With the extended memory management functions, all user contexts of an application server are held in main memory and are shared by all work processes. In previous releases, the user contexts were in the roll files and had to be copied from one place to another when user sessions were handled by different work processes. With the new memory management, those previous copy functions (copying user contexts to roll areas) are handled by just reassigning pointers in main memory.

With this technique there is a significant improvement in performance, since context switching is a very frequent task when attending to interactive users. In order to observe the real improvements, the system needs more memory and swap space than previous versions.

With SAP releases prior to 3.0, the user context area used by the dialog processes was limited to the size of the roll area. The new memory management allows the size of this area to be extended as the size of user contexts increases. All the data in the user context is directly accessible .
Work processes memory allocation. SAP, and not the operating system, takes care of page management for the user contexts which are held in shared memory because SAP's strategy is for openness and thus it is platform−independent.

This shared memory is technically implemented using an unnamed mapped file. In UNIX systems, this means that the address space is mapped onto the operating swap space. For more information on memory mapping, refer to the operating system manuals or online help.

To tune and configure memory management, make sure that your system meets all requirements regarding memory and swap space. SAP automatically sets some default parameters depending on your particular configuration. There are some utilities available for monitoring the operation of the memory management to later fine−tune it.

The Concept of a SAP Instance

An instance is an administrative entity that groups together R/3 components which offer one or several services. These offered services are started or stopped together. All instance components are configured using a common instance profile. For more information on SAP profiles please refer to the section entitled .

A centralized SAP R/3 system would be made of a unique instance. Another feature which distinguishes the instances is that every SAP instance has its own buffer area, which means that it allocated its own main memory space.

SAP distinguishes between central instances and dialog instances. Every SAP system has just one central instance, which contains all basic services such as the message server, gateway, update, enqueue, dialog, spool, and background right from installation. Dialog instances, as defined, only contain a set of basic services such as dialog and background work processes from the time of installation.

Administrators can later customize all the services and their server locations by using SAP instance profiles. A central system can be further configured to a distributed system, creating additional instances offering additional services. The usual way of configuring the system right out of the box is to have just one instance per computer; however, providing your systems have enough main memory and processing power, you can install additional instances, which have some advantages.

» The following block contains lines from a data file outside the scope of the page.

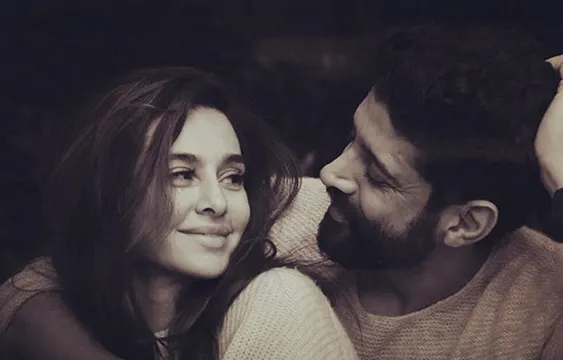 फरहान अख्तर ने किया कन्फर्म, अप्रैल में गर्लफ्रेंड शिबानी दांडेकर से करेंगे शादी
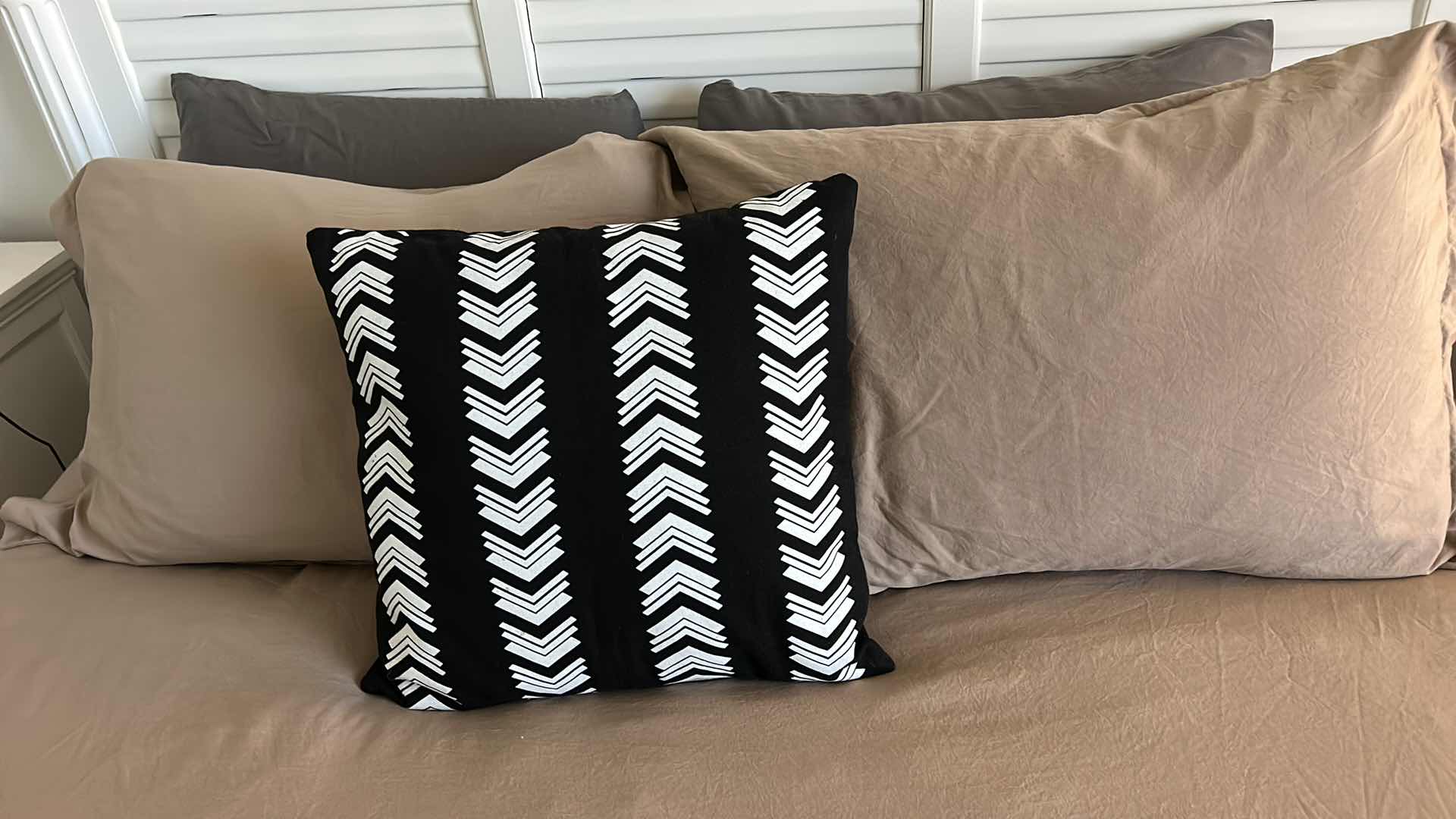 Photo 1 of MAUVE QUEEN BEDDING AND PILLOWS (ALL ELSE SOLD SEPARATELY)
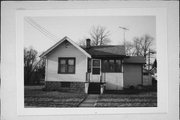 637 JACKSON ST (3RD AVE), a Gabled Ell house, built in Neenah, Wisconsin in 1924.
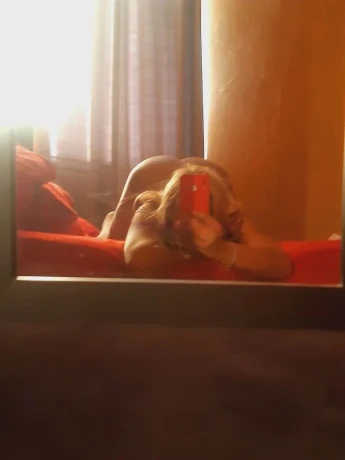 Devora Gonzales — 5 / 12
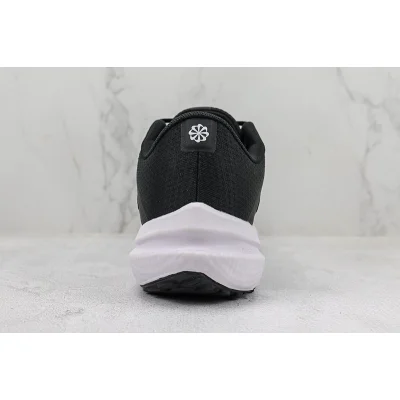 Nike Winflo 10 "Black/White" фото № 9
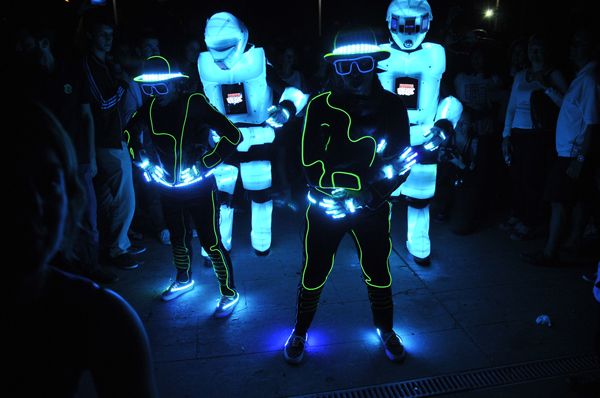 Brodas BR2 amb el lluminós espectacle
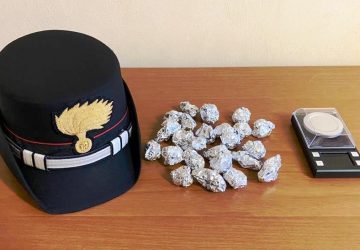 Con la droga nello zaino nei pressi di piazza Europa a Catania: arrestati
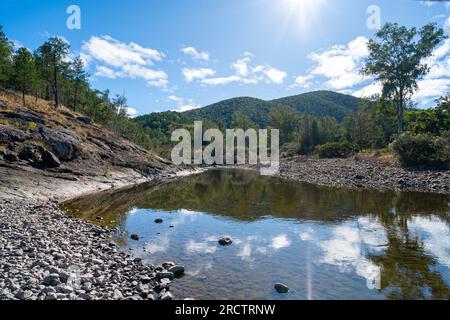 Pozzo d'acqua stagionale sul fiume Severn, sezione Broadwater del Sundown National Park, Queensland Australia Foto Stock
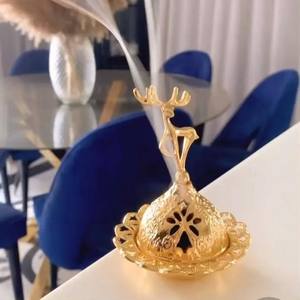 Quemador de Dhoop de Latón Pulido de Alta Calidad con Tapa, Accesorio para Culto en Templos, Venta al por Mayor para Compradores Internacionales, Exportación para Hogares, Restaurantes y Hoteles - Product Image 4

Building the Client/Server SAP R/3 System

Once all the processes and components which make up the SAP system are known, we can see how all these pieces come together to form a whole client/server R/3 system.

The starting point is a server system (hardware point of view) with the required memory, disks, network controller cards, and operating system.

On this first server, add the relational database management system with its corresponding database processes. At this moment, you have the database server. The database is, of course,
installed on the disks connected to this computer server.

Now, add basic R/3 services (work processes). We have added a printer to this system to get a connection between the SAP spool work process and the host spool system.